Food, Health and Places of Pleasure in the US during the 1970s and 1980s (tentative title)
Stefanie Büttner (Erfurt University)
„Food is fundamental, fun, frightening, and far-reaching“, that is how Paul Rozin, an American scholar in psychology with strong interest in food, appropriately summarized the wide range of means a developing interdisciplinary field of Food Studies is concerned with when talking about food. Basically that alludes to this key term as a diverse, often neglected and nevertheless fruitful object of research on the one hand. On the other hand scholars interested in all sorts of food-related topics paradigmatically advocate for food as an analytical lens which enables fresh views on various contexts. Such a framework also structures the following project from a historiographic point of view. A strongly assumed interconnectedness of food, health and concepts of pleasure in relationship to both dietary and consumerist behavior ‘set the table’ from which American society during the 1970s and 1980s will be looked upon within this project. Historicizing food practices framed by diverse social settings and norms as well as depicted as multiply relevant for individuals and groups, accompany a broader perspective on twentieth-century USA. Looking at how Americans during the 1970s and 1980s were approaching their diets and attitudes towards food enables views on how they had to position themselves in relationship to both needs and possibilities of modern society that increasingly envisioned its ideal members as rational, able-bodied and self-reliant subjects.

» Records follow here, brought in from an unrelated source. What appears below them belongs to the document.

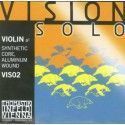 Cuerda Violín Thomastik Vision Solo MI VIS01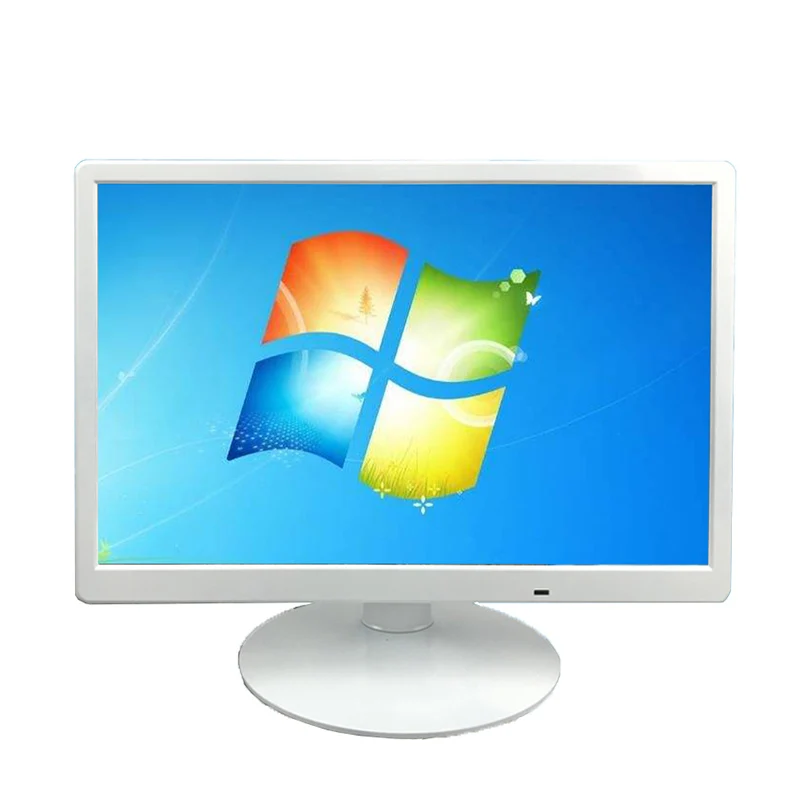 mirror image flip Reverse LED Monitor 16:10 High Brightness Desktop Monitor, White
mirror image flip Reverse LED Monitor 16:10 High Brightness Desktop Monitor, White
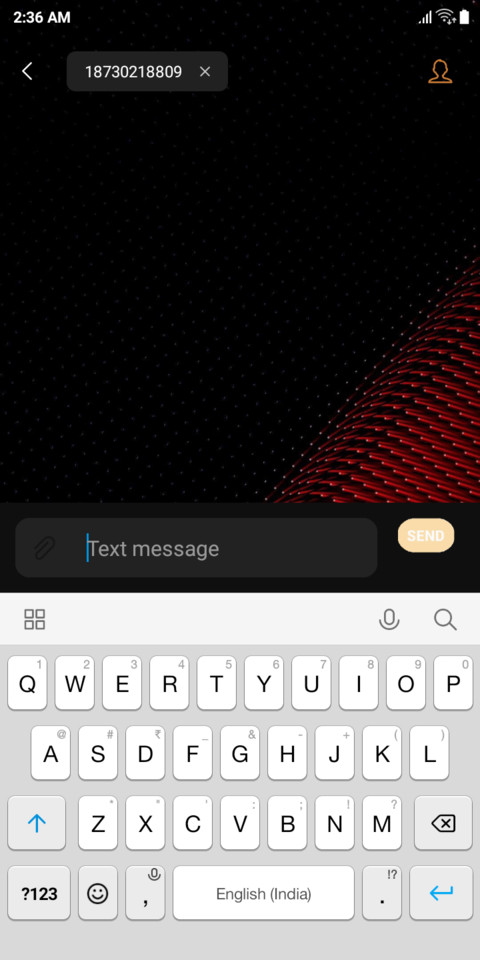 S Plus_DWM19 screenshot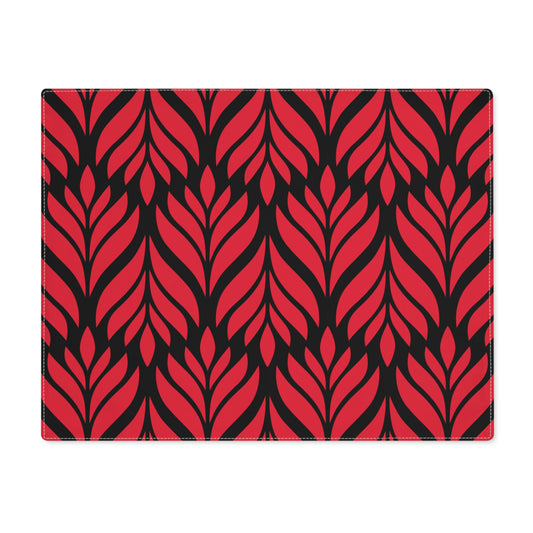 Placemat | New Brunswick, New Jersey | Palm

Within my approach, however, I assume that food and eating as aspects of everyday life remain increasingly connected to pleasure and leisure for contemporaries, although Americans at that time already have been strongly encouraged to maintain a balanced diet or to be concerned with their health. It can even be recognized that e.g. pleasure in eating, enjoyment of cooking or developing qualities of shopping for food that appear as pleasurable activities, have gained more and more importance within American society during the decades. These phenomena thus have to be analyzed in relation to contemporary assumptions about consumption or individual life-style as well as they ought to be discussed in the light of the wide dissemination of industrial produced and high-caloric food in the US. Furthermore they have to be examined with regard to alternative approaches towards food and sustainable consumption gaining currency at that time – to only mention some of the main issues.

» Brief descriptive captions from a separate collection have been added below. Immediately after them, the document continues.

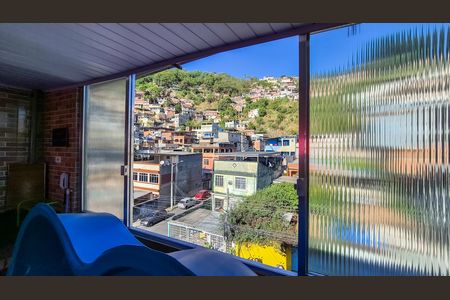 Casa para alugar com 130m², 3 quartos e sem vaga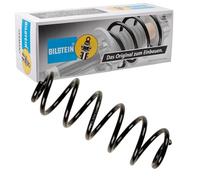 BILSTEIN 2x Molle ammortizzatori Assale posteriore Compatibilità con VW Golf 4 Hatchback 1J1 36-134113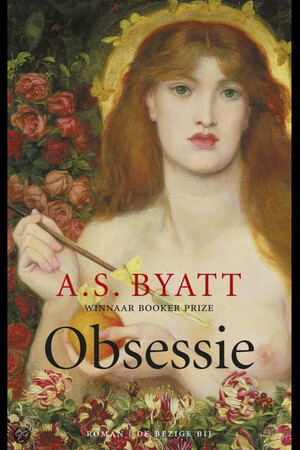 Obsessie by A.S. Byatt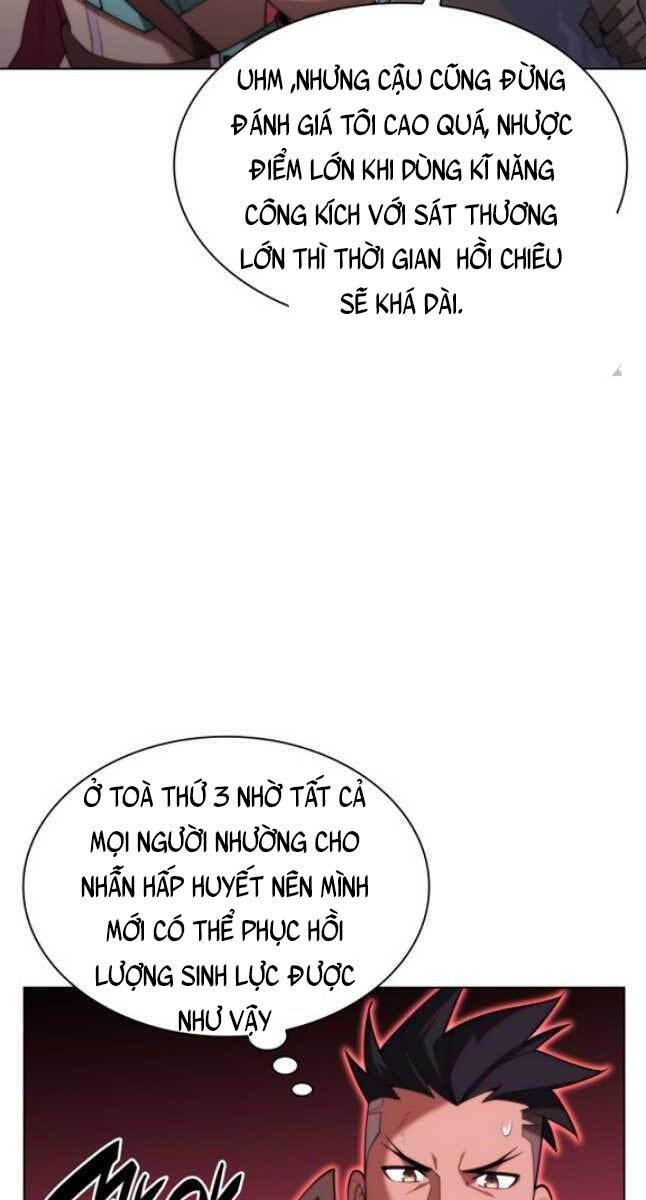Thợ Rèn Huyền Thoại Chap 154 - Next Chap 155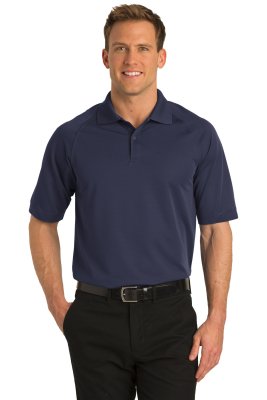 Dry Zone Ottoman Polo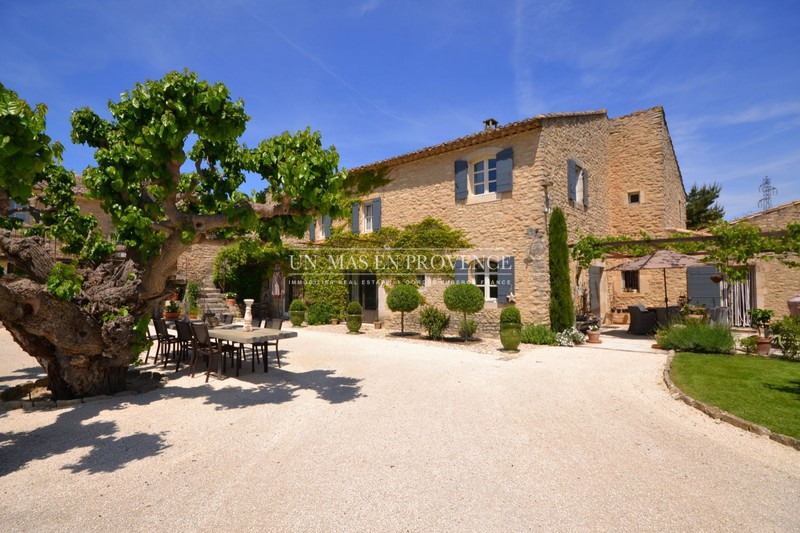 Vente mas Ménerbes Vente mas Ménerbes Farmhouse Ménerbes Luberon, to buy farmhouse 8 bedrooms 378 m²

Central to my particular attempt to trace these entanglements are questions about certain spatial qualities that can be attributed to the relationship of food and pleasure, especially because it might be assumed that here pleasure shows more facets than experiences in good taste or preferences of extraordinary foods. Presumably these culminated in experiences that have their specific spatial manifestations. Therefore, asking in particular for places where food and eating for pleasure still could be realized within a society, constituting itself as governmentally and bio-politically structured in a sense Michel Foucault would apprehend these terms, the project will figure out how and where these spatial components of food-related practices might be recognized.

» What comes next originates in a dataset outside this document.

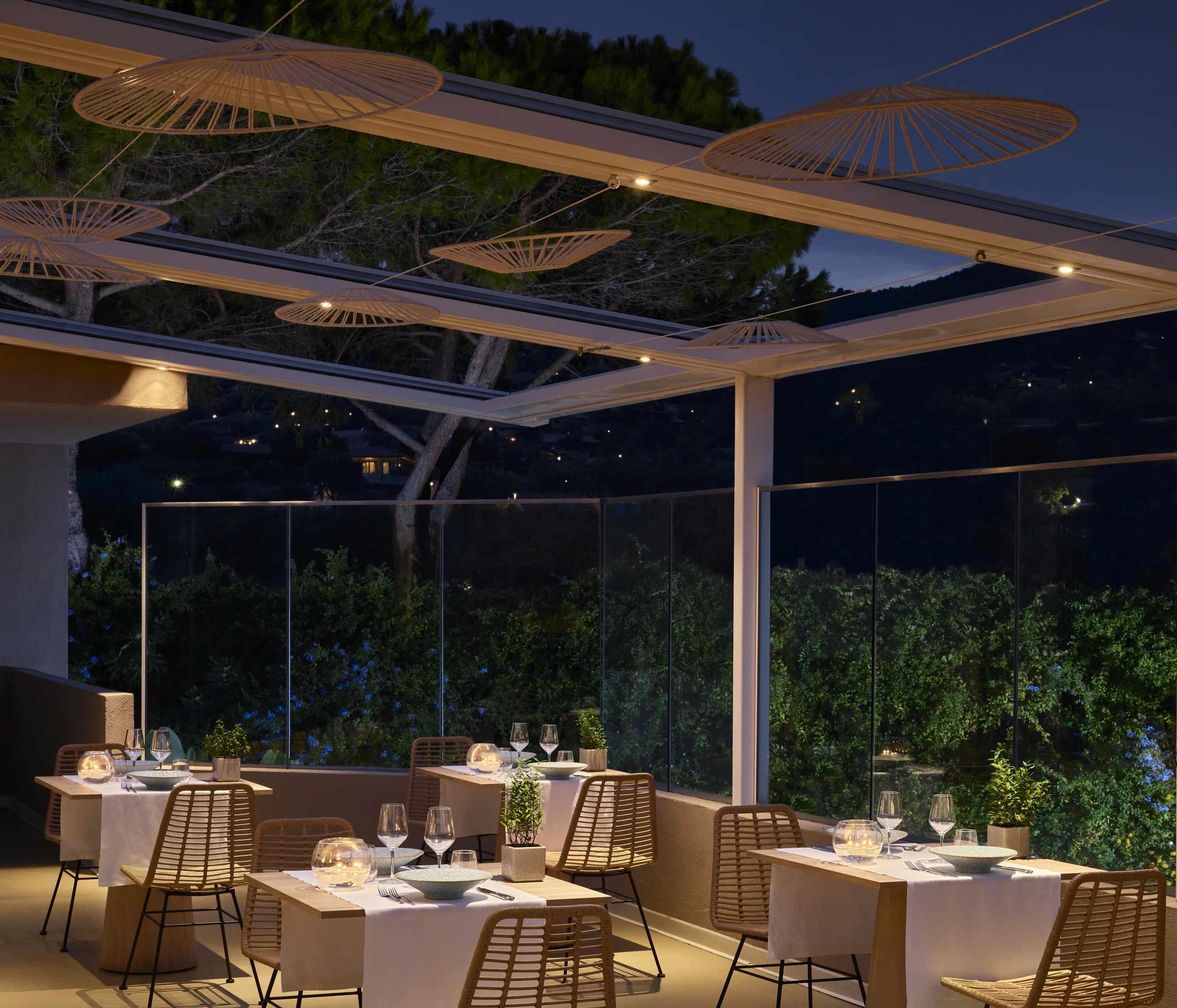 Il Ginepro Restaurant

The objective of Food, Health and Places of Pleasure therefore is to focus on diverse places, often supposedly perceived as transgressing or “eigensinnig” that functioned as spatial possibilities where Americans of the 1970s and 80s were able to negotiate their position towards interrelatedness with food and pleasure. Through an approach based on methods of discourse analysis in that sense that public expressions and dialogues about pleasure in food within contemporary media will be examined, it will be asked to what extent spatial phenomena light up within several publications that in turn can be traced further into actual places or regions exemplifying the described associations in the course of the project.
Stefanie Büttner studied British and North American History, Medieval and Contemporary History, and Geography at the University of Cologne. After her graduation as Magistra Artium in 2014 she received a „PhD-Preparation Scholarship” from the a.r.t.e.s.-Graduate School for the Humanities, Cologne, and started to develop her PhD-project in North American cultural history. Since October 2015 Stefanie Büttner has been working as a research assistant at the Chair for North American History at Erfurt University, associated with the joint project “Ernährung, Gesundheit und Soziale Ordnung in der Moderne: Deutschland und die USA” funded by the Volkswagen Foundation. Her research interests are U.S. Cultural History (19th and 20th century), Food History, Cultural History of Amusement and Leisure, History of Tourism, and Spatial Theory.